Zero is a perfectly good size, even for an integer.

Floats are very very different.
Erlang *does* let a hardware size show through.
The *only* size that makes sense is 64.
And you _do_ get an exception if you specify the type as 'float'
and the size as anything that doesn't resolve to 64.

> When one moves to integer segments the above property does not make much sense anymore (esp. since bit_size is not defined for anything other than bitstrings). In particular, the current implementation of binary pattern matching has chosen to return an "arbitrary" integer, namely 0, as the result.

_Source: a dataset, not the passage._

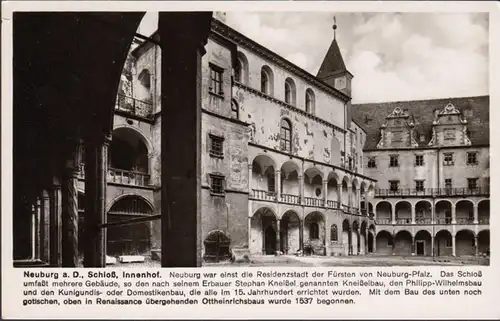 Neuburg a.D. Schloss, Innenhof, ungelaufen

But it is not arbitrary at all.  It is forced by the rule for non-zero sizes.
If the legal range for B bits (where B > 0) is 0..2**B-1, then the legal
range for 0 bits *has* to be 0..0.  This is the *only* consistent value.

> I can may well see that many would consider the following binding for X to 0 a bit weird.
> 
> 1> <<X:0/integer>> = <<42:0>>.

That is a completely different issue.  The thing that is weird here is
in the *expression*, not the pattern, and it's allowing a value that
does not in fact fit into the field and quietly truncating it.

<<X:8/integer>> = <<257:8>>

gives you X = 1.  *THAT* is weird, but it has nothing whatever to do with
zero sizes, and banning the perfectly sensible zero sizes will do nothing
to stop the weirdness.

> Moreover, the situation is arguably even more weird for floats:
> 
> 3> <<F:0/float>> = <<42:0>>.
> <<>>
> 4> F.
> 0.0

*That* I grant you.  Since the only legal size in a construction is 64,
and you get an exception if you try any other number, then the only legal
size for a float in a pattern should also be 64.
> 
> I am not so convinced that pattern matching with 0-size segments make sense for types other than bitstrings (binaries).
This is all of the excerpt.